- MATERIAL SHOWN:
[Start of section]
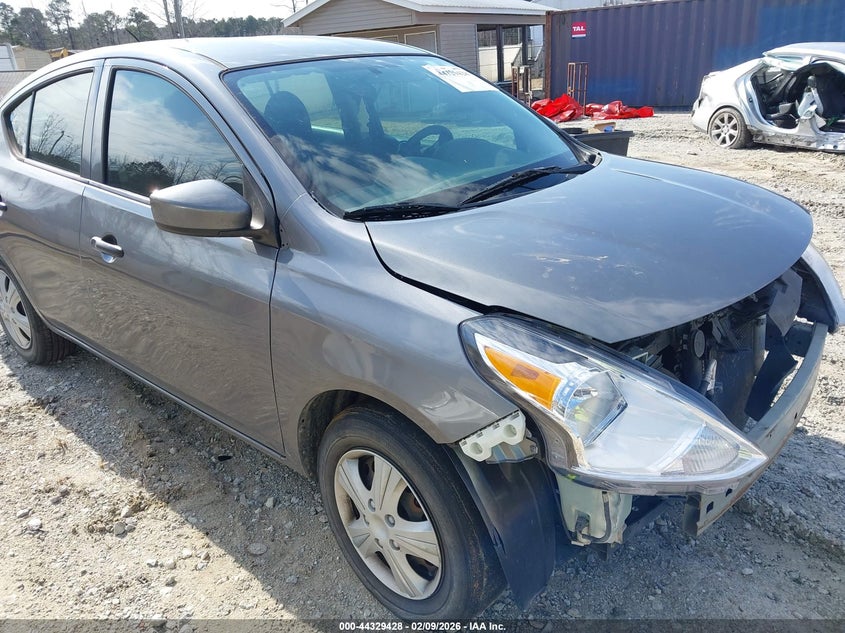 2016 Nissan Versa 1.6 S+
[End of section]
[Start of section]
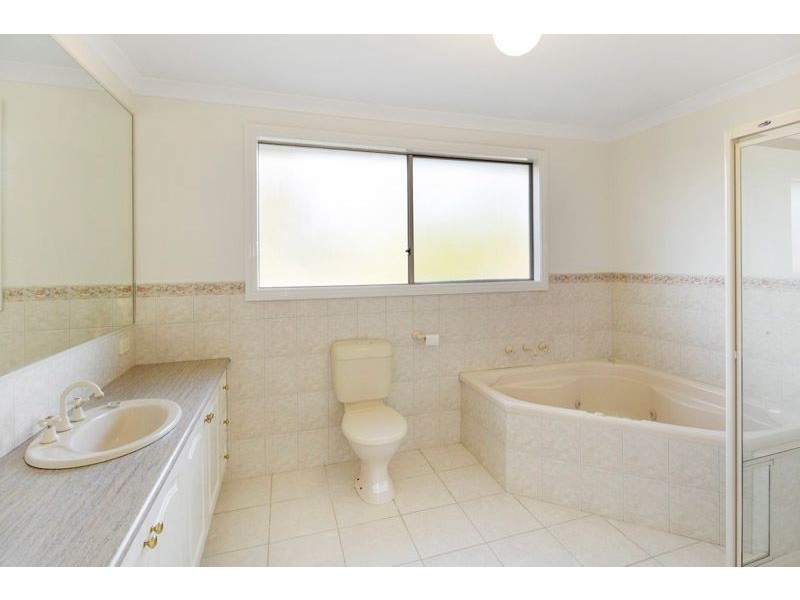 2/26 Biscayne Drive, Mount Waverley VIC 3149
[End of section]
[Start of section]
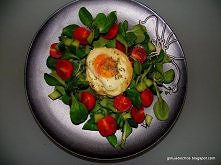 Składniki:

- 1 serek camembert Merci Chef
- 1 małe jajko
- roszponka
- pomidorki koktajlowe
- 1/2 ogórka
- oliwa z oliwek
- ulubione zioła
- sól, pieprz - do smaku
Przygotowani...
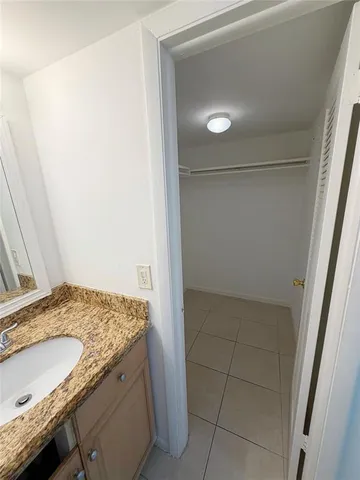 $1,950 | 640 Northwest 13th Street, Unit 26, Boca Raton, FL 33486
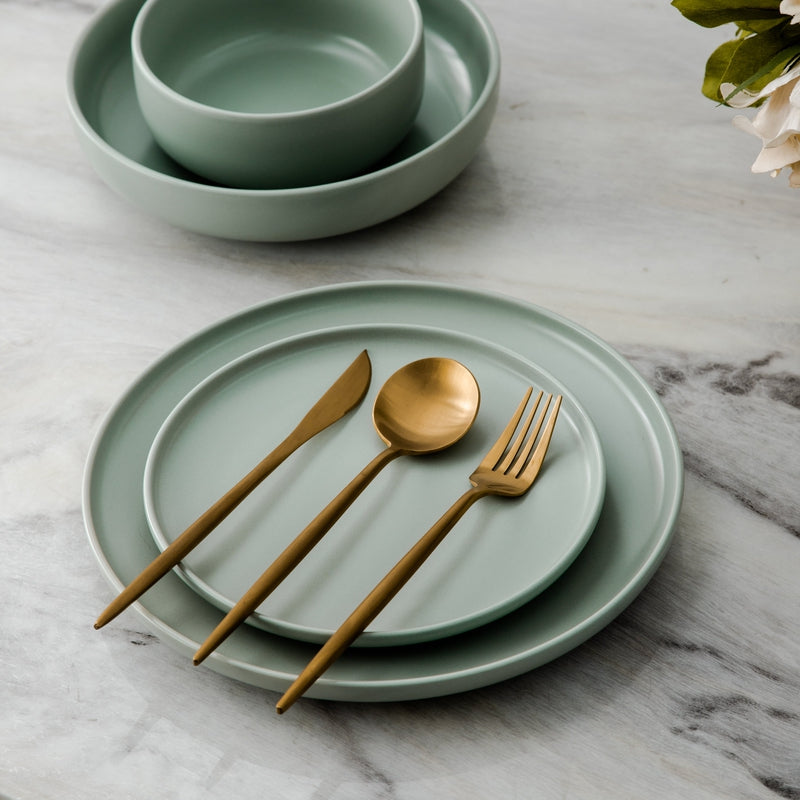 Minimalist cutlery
[End of section]
- EXERCISE PROMPT: Go down the entries above from the line containing "- 1 małe jajko" to the line containing "Minimalist cutlery" and write out each line exactly, leaving pictures out.

- THE COMPLETED TASK:
- 1 małe jajko
- roszponka
- pomidorki koktajlowe
- 1/2 ogórka
- oliwa z oliwek
- ulubione zioła
- sól, pieprz - do smaku
Przygotowani...
 $1,950 | 640 Northwest 13th Street, Unit 26, Boca Raton, FL 33486
 Minimalist cutlery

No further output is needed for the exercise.